THE INPUT:
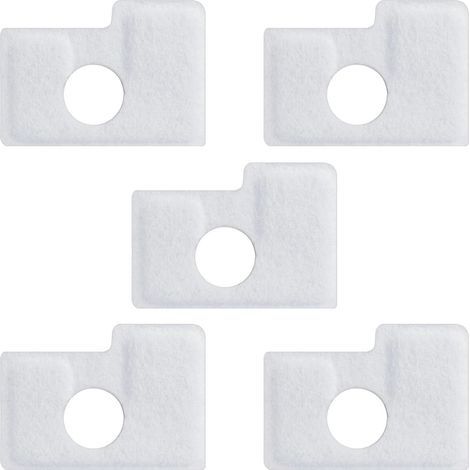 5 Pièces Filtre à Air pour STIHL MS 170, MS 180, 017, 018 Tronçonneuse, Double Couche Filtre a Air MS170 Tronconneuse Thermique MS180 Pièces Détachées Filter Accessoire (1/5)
...
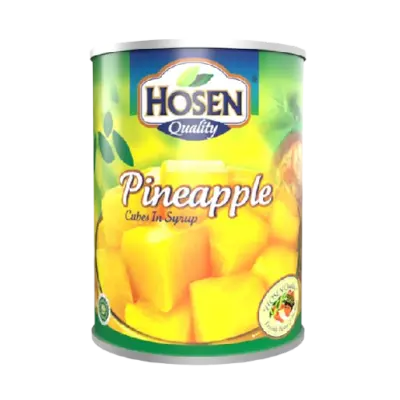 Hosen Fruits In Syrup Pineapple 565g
* * *
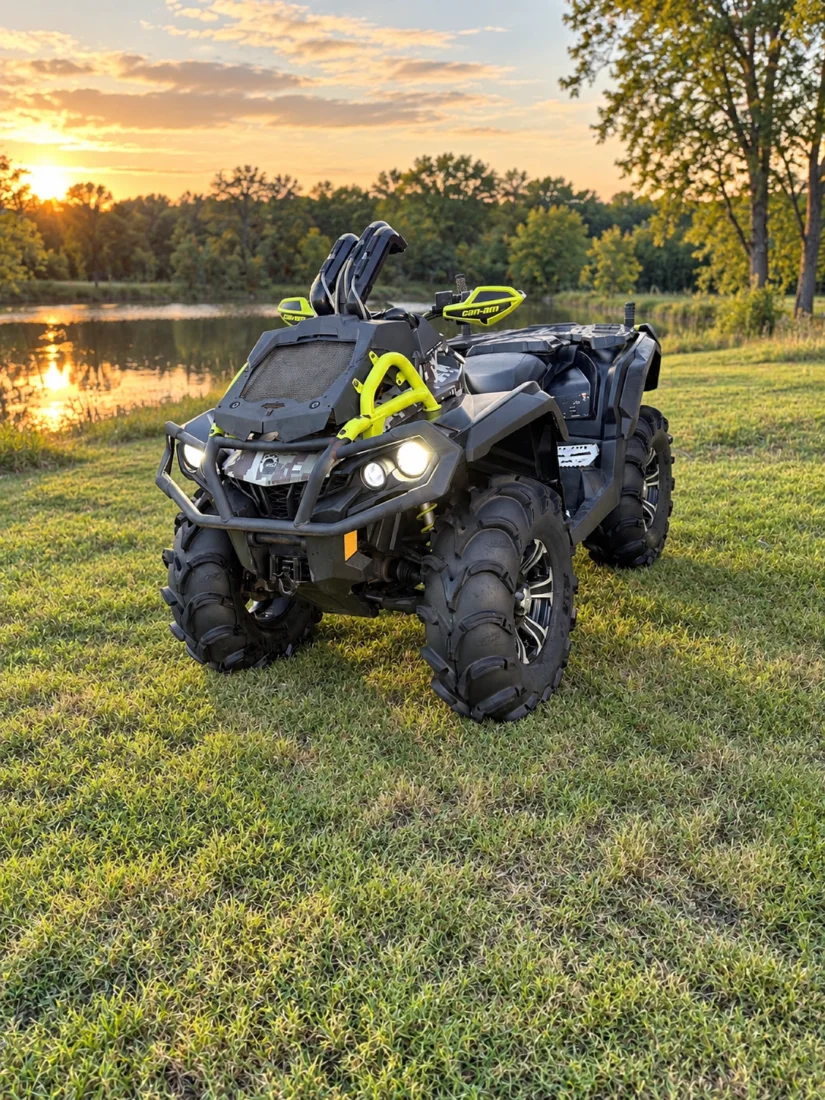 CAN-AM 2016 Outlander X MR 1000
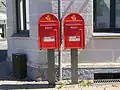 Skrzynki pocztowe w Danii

TASK DETAILS:
Everything above from the line containing "CAN-AM 2016 Outlander X MR 1000" through the line containing "Skrzynki pocztowe w Danii" must be repeated exactly, and the pictures must be left out.

ANSWER TO THIS TASK:
 CAN-AM 2016 Outlander X MR 1000
 Skrzynki pocztowe w Danii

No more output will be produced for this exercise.